INPUT MATERIAL Block Start

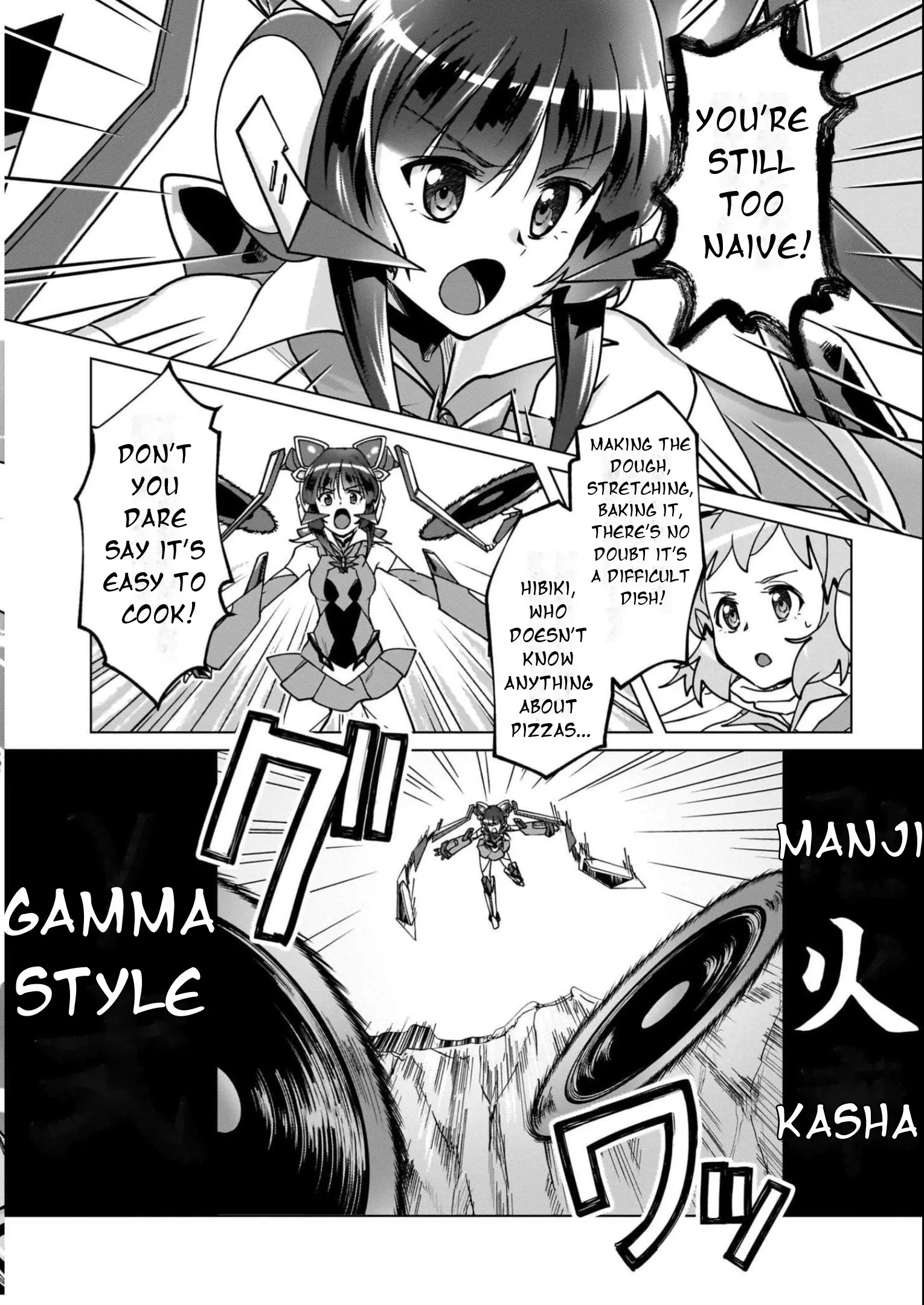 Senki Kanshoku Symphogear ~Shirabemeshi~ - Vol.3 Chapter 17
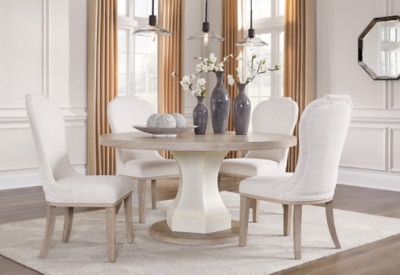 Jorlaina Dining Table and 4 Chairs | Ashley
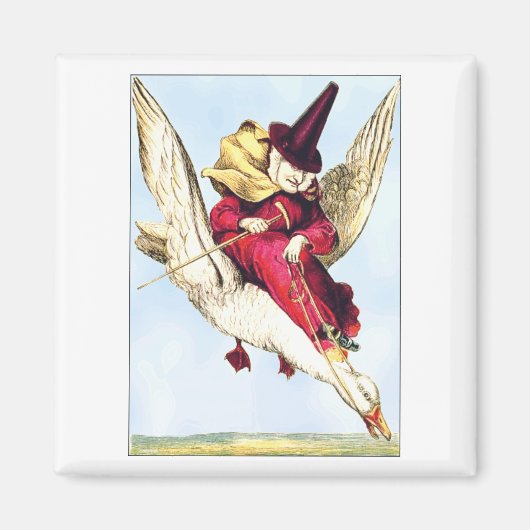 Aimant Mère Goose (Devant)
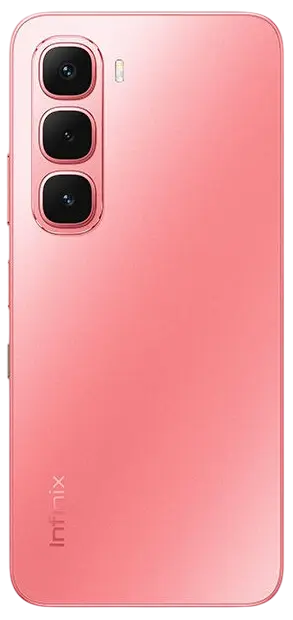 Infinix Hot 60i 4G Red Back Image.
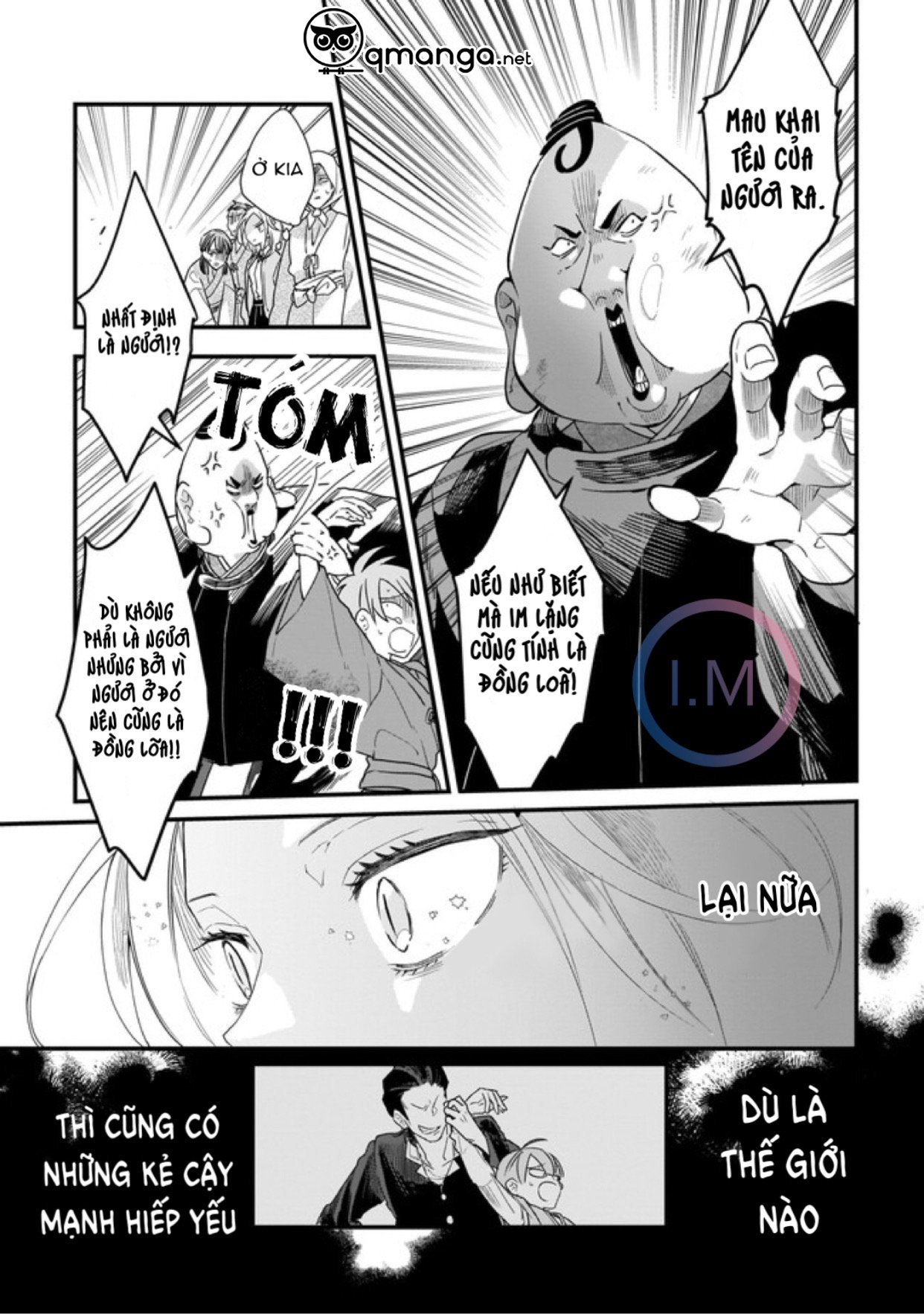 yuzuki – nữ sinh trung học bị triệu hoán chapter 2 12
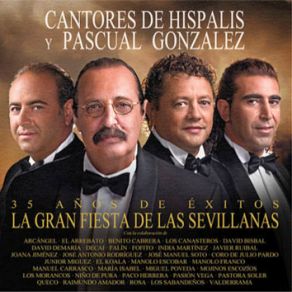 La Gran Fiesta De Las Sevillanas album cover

INPUT MATERIAL Block End
INPUT MATERIAL Block Start

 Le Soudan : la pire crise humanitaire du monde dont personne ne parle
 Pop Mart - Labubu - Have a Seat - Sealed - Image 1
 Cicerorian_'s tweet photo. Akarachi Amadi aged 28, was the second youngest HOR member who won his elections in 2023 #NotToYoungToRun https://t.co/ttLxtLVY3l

INPUT MATERIAL Block End

WHAT TO DO:
Only one part of the listing is wanted: the lines from the one containing "Senki Kanshoku Symphogear" through the one containing "La Gran Fiesta De Las Sevillanas album cover", both included. Please transcribe it exactly, leaving out the pictures.

YOUR SOLUTION:
 Senki Kanshoku Symphogear ~Shirabemeshi~ - Vol.3 Chapter 17
 Jorlaina Dining Table and 4 Chairs | Ashley
 Aimant Mère Goose (Devant)
 Infinix Hot 60i 4G Red Back Image.
 yuzuki – nữ sinh trung học bị triệu hoán chapter 2 12
 La Gran Fiesta De Las Sevillanas album cover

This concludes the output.